Sienna Yang, Pawprint Staff Reporter

On Dec. 8, NHS officers Leslie Andrade and Kenna Seegmiller organized and hosted an event after school in the hosting room: making blankets for Lifting Hands International, a nonprofit organization focused on helping and resettling refugees. 

“We wanted to do the blanket drive because we wanted to do a service project that would impact the community during winter, especially during the cold winters of Utah,” Andrade said. The winter months can get well below freezing, something that no one wants to bear in just a few thin layers. 

“We did a drive earlier that didn’t really go that well,” Seegmiller mentioned. The drive mentioned was one encouraging students to donate warm clothes, like jackets, hoodies, and sweatshirts, as well as various hygiene products. Unfortunately, the turnout wasn’t what was expected.

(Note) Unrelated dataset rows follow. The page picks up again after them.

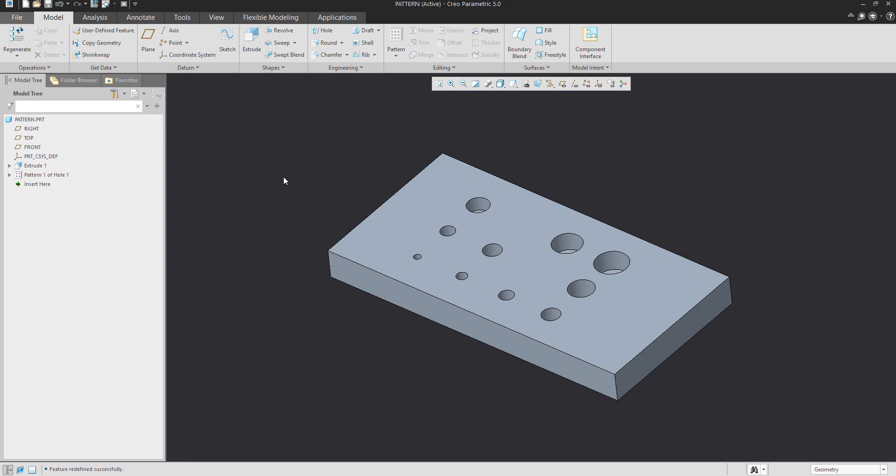It was a quick example of how to manage the dimension pattern feature. Stay tuned, bye bye.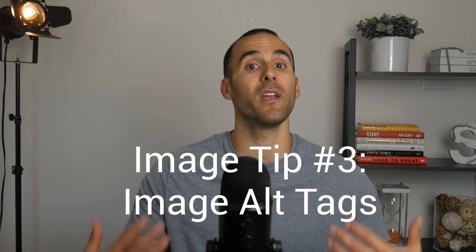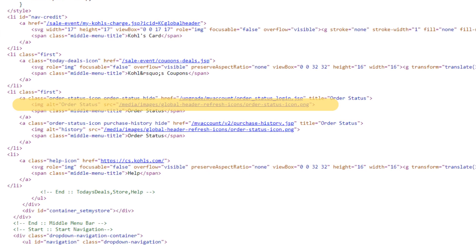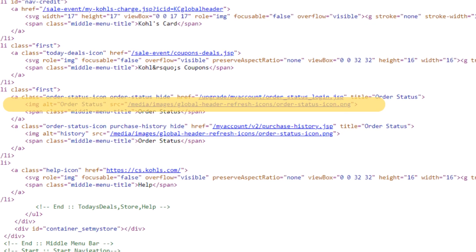My third tip to optimize your images is to use proper image alt tags. Image alt tags are a text description of an image that is displayed when an image cannot be loaded, and they're also used by search engines to understand what the image is about. Alt tags are important for accessibility, SEO, and user experience. They help people who are visually impaired understand content — those users can use screen readers to read the alt text, which describes the image to them.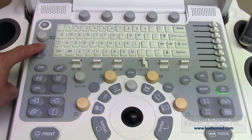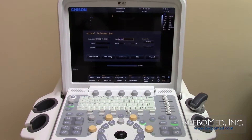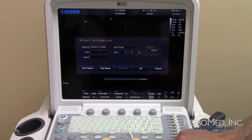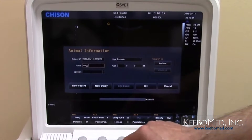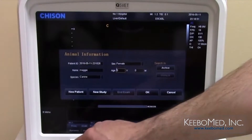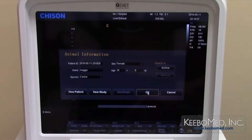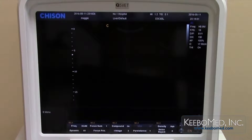First, press the patient key to enter the animal information. A patient ID number is automatically generated. After the information is entered, select OK on the bottom right of the screen. The patient information will now be displayed on the top left of the screen.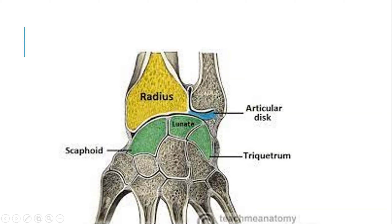There is an articular disc between these bones that facilitates movement and helps provide cushioning between the two bones.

“We actually got a decent haul from it, but it wasn’t as big as it could’ve been, and they didn’t give that many blankets, and [the refugees] were really looking forward to it,” Andrade explained. “So we decided to do a separate blanket drive, to give them a lot of blankets.” She explains that blankets are versatile and can be used for many different purposes. They’re also generally more brightly colored and more entertaining for smaller children.

With the influx of refugees from Afghanistan, service projects like blanket making and drives like the clothing drive and a food drive from earlier in the year can help ease the workload of foundations like Lifting Hands International and give back to the community at the same time.

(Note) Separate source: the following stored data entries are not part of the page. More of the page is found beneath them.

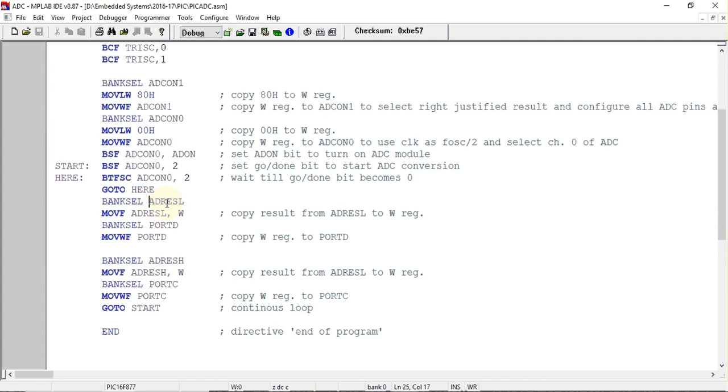The result is present in ADRESL and ADRESH registers. Since we have selected right-justified, the lower 8 bits will be stored in ADRESL and upper 2 bits will be stored in ADRESH.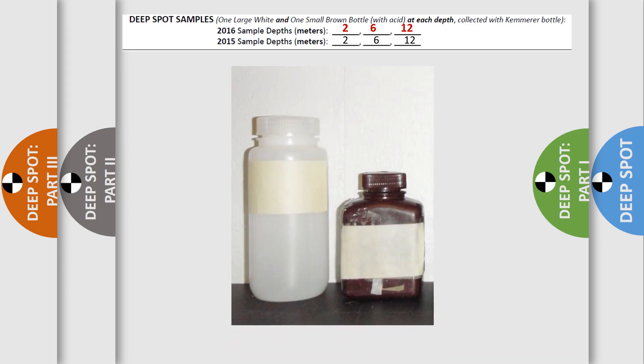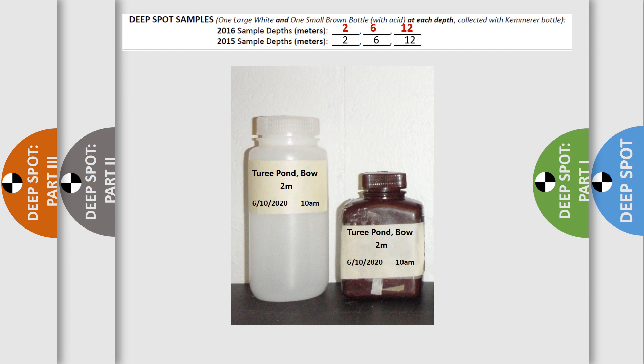Next, label your sample bottles. You will fill one large white bottle and one small brown bottle from each depth. This is a set of samples.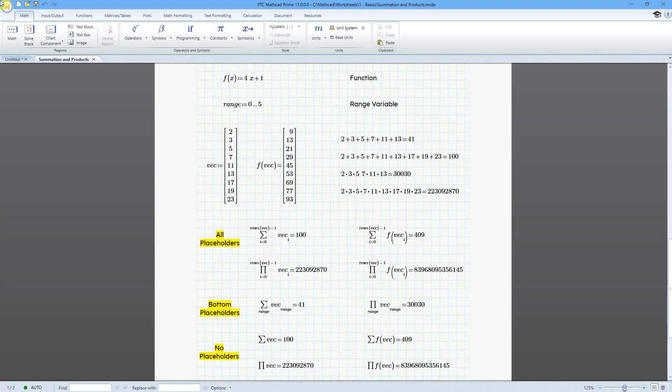In Mathcad Prime 11, there is a new function called vec for creating a vector from a range variable.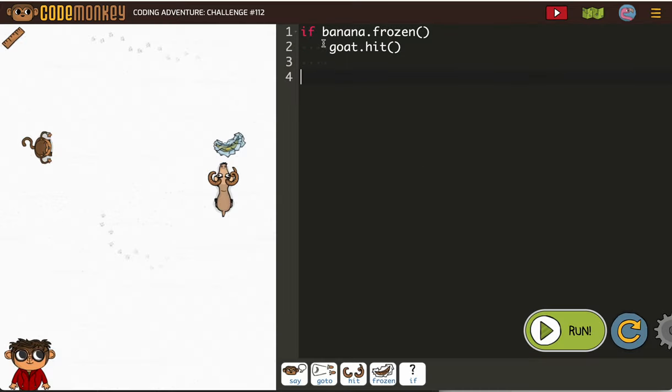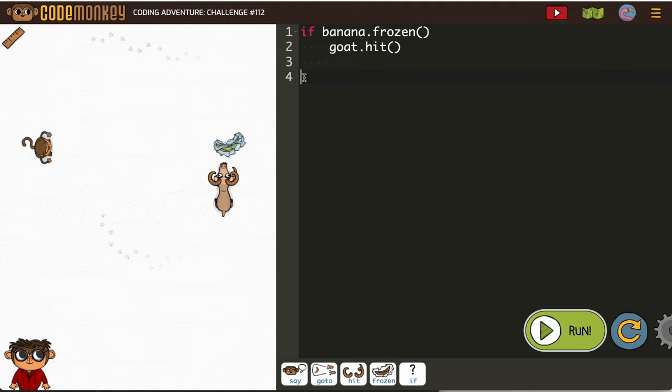So if the banana is frozen, goat hits. However, if it's not... and they had the cursor right over here for you because...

The blanket-making event turned over an estimated 50 to 60 blankets, with Andrade and Seegmiller satisfied and enthused with the results.

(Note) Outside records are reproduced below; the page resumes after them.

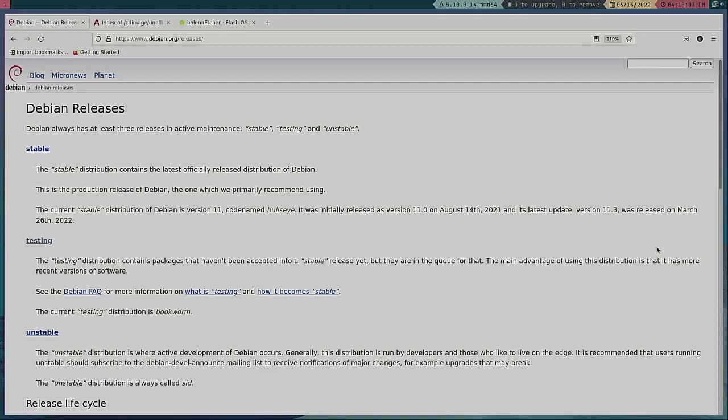It's only been until today where I decided you know what, this is where I need to start. So I was going through my Reddit posts today and the question was the different releases of Debian and which is best for you.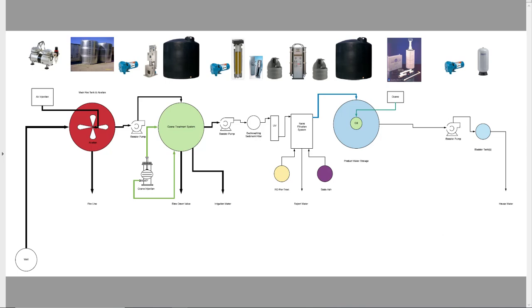Then we're going to run it through an ozone destructor, which is an ultraviolet lamp designed to kill the ozone and effectively neutralize it, because the ozone will ruin the RO membranes.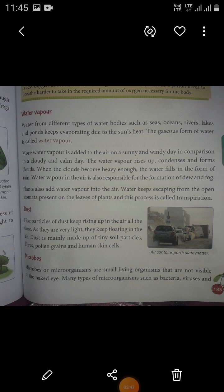Next, water vapor. Water from different types of water bodies such as seas, oceans, rivers, lakes and ponds keeps evaporating due to the sun's heat. The gaseous form of water is called water vapor. More water vapor is added to the air on a sunny and windy day in comparison to a cloudy and calm day. The water vapor rises up, condenses and forms clouds. When the clouds become heavy enough, the water falls in the form of rain. Water vapor in the air is also responsible for the formation of dew and fog.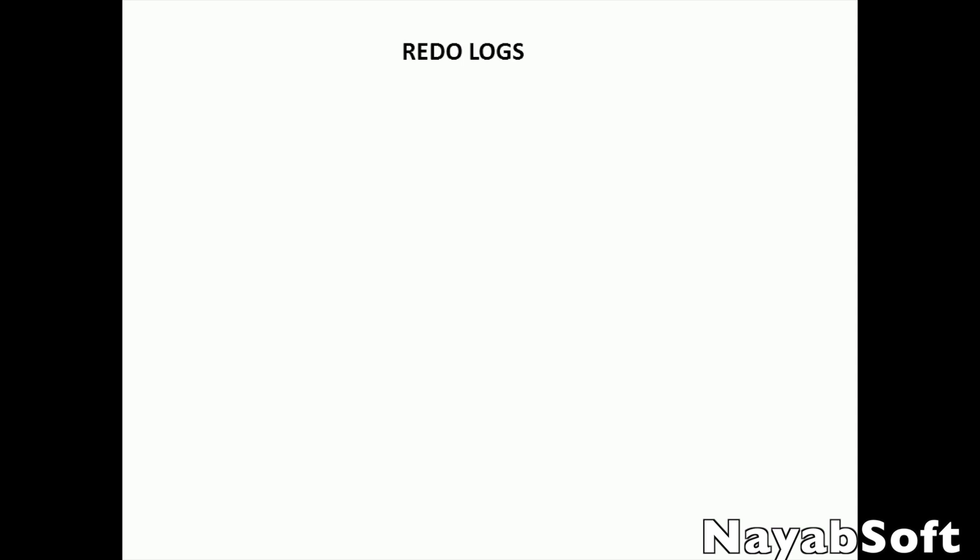To understand archive log we need to understand redo log first. In short, redo logs record all changes made to data. Redo log buffer keeps every change made by using insert, delete, update, etc. to data files in memory.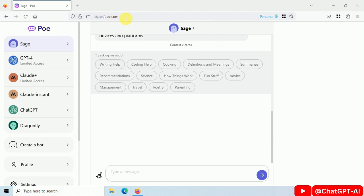Quora launched its own AI chatbot. Just go to po.com and create your free account.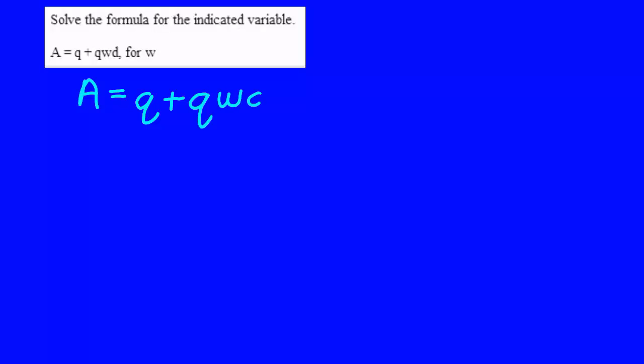A, Q, and D are acting like numbers. Since addition is a much looser bond than multiplication, we can go ahead and subtract Q over to the other side.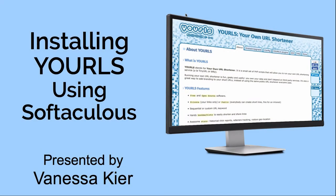Hello, I'm Vanessa Kier. Welcome to my video, Installing YOURLS Using Softaculous.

Another service project NHS officers are organizing soon is the Cake Walk, to raise additional money for the Winter Fundraiser to be donated to RAINN, or the Rape, Abuse & Incest National Network. Students can pay a five-dollar fee to play a game similar to musical chairs for the possibility of winning a cake from various bakeries and grocery stores. 

However, participating in these school-hosted fundraisers and events is not the only way to support the community. “Any NHS member can do their own- well, anyone really can do their own service project,” Andrade encouraged. “They can always come to us officers or our coordinator Ms. Veenstra, and ask questions or ask for help to organize their own service project.”